A l'occasion d'une discussion qui se tient actuellement sur le blog de L'Eau Vive (là et là) à propos du dernier roman de Christophe Honoré (J'élève ma poupée), voici, dans le rétroviseur de l'été 2010, la remise en ligne d'un article de 1999...
Quatre écrivains jeunesse réagissent au classement effectué par Christophe Honoré entre écrivains «parents » et écrivains «non-parents», au cours d’une interview qu’il a accordée à la revue Le Matricule des Anges (n° 28, décembre 99). Extrait de l’interview : « Je crois qu’il existe deux sortes d’écrivains pour la jeunesse : d’un côté les mères ou pères de famille qui expliquent le monde aux enfants et font des livres a priori pédagogiques, venant d’un adulte et destinés aux enfants. De l’autre, les écrivains célibataires qui n’ayant pas d’enfants destinataires écrivent sur leur propre enfance. L’enfance est leur terrain de jeu privilégié. Je me range là, à côté d’un Christophe Donner, d’une Florence Seyvos. Il s’agit de rendre compte d’un imaginaire d’enfant. » (Christophe Honoré)
Extraits des réactions (intégralité des textes ci-dessous, en cliquant sur "suite" si vous vous trouvez sur la page d'accueil) :
Hubert Ben Khemoun : «Je ne lis pas Cent ans de solitude en pensant qu’il peut m’aider à préparer mes prochaines vacances en Amérique du Sud, Vendredi ou les limbes du PacifiqueMax et les Maximonstres en le considérant comme un manuel de survie sur une terre hostile, en espérant régler ainsi les problèmes d’insomnie des deux poumons de ma cage thoracique. Est-ce que les enseignants ayant des enfants font plus pédagogique que ceux qui n’en ont pas ? Et les éditeurs jeunesse ? Et les libraires jeunesse ? J’en doute fort…»
Gudule : «Parmi les genres les plus décriés, la littérature de jeunesse jouit d’un statut privilégié : elle occupe gaillardement le dessous du panier. D’ailleurs, à bien y réfléchir, mérite-t-elle le beau nom de «littérature» ? Beaucoup en doutent ou, au mieux, le lui accordent avec un brin de condescendance. Or, comme si ce n’était pas suffisant, voilà que ce «sous-produit culturel» se retrouve encore victime de nouvelles subdivisions. Il y a aujourd’hui, me suis-je laissée dire, deux sortes d’écrivains jeunesse : les parents et les autres. Entendez par parents des pédagos chiants, utilisant l’instrument livre pour faire la morale à leurs chiards, et par les autres des gamins attardés rabâchant leur enfance.»
Alain Serres : «Pas plus qu’il ne faut être moine pour écrire avec recul sur la sexualité du couple, ou abstentionniste diplômé pour écrire librement sur la vie politique, il ne faut vivre à l’abri de l’enfance pour valider son travail d’écrivain pour la jeunesse. Que les écrivains continuent à faire des enfants de papier et des enfants de chair. Sans angoisse !»
Thierry Lenain : «Il est toutefois exact qu’à la lecture de certains des ouvrages cherchant à traduire l’intime d’un enfant, on peut parfois envisager que la parentalité de l’auteur, ou son absence, ont participé à l’écriture. Non pas que les écrivains non-parents, ou parents, seraient garants d’une « juste évocation » de l’enfance dont ils auraient le monopole. Dans les deux cas, ce ne sont que des adultes qui s’expriment bien longtemps»

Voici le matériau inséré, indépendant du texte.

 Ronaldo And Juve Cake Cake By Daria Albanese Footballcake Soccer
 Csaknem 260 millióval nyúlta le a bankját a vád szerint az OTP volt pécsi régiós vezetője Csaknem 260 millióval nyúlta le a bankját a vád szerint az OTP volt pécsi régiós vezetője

Boîtes Tupperware, par Hubert Ben KhemounJe ne sais pas si vous avez remarqué, mais on ne demande jamais au pédiatre de ses mômes pourquoi il n’a pas choisi médecine générale. Par contre, il m’arrive à longueur de temps d’avoir à me justifier du pourquoi j’écris pour les enfants plutôt que pour les adultes… Étonnant, triste et habituel raisonnement que celui qui consiste à longueur de temps à mettre en boîtes hermétiques la littérature. Il y aurait la vraie, la puissante, la riche (la littérature adulte), la honteuse et la mal élevée (la noire), l’allumée, la planante (SF et fantastique) et puis la ridicule, la facile et pauvre en vocabulaire (la littérature jeunesse).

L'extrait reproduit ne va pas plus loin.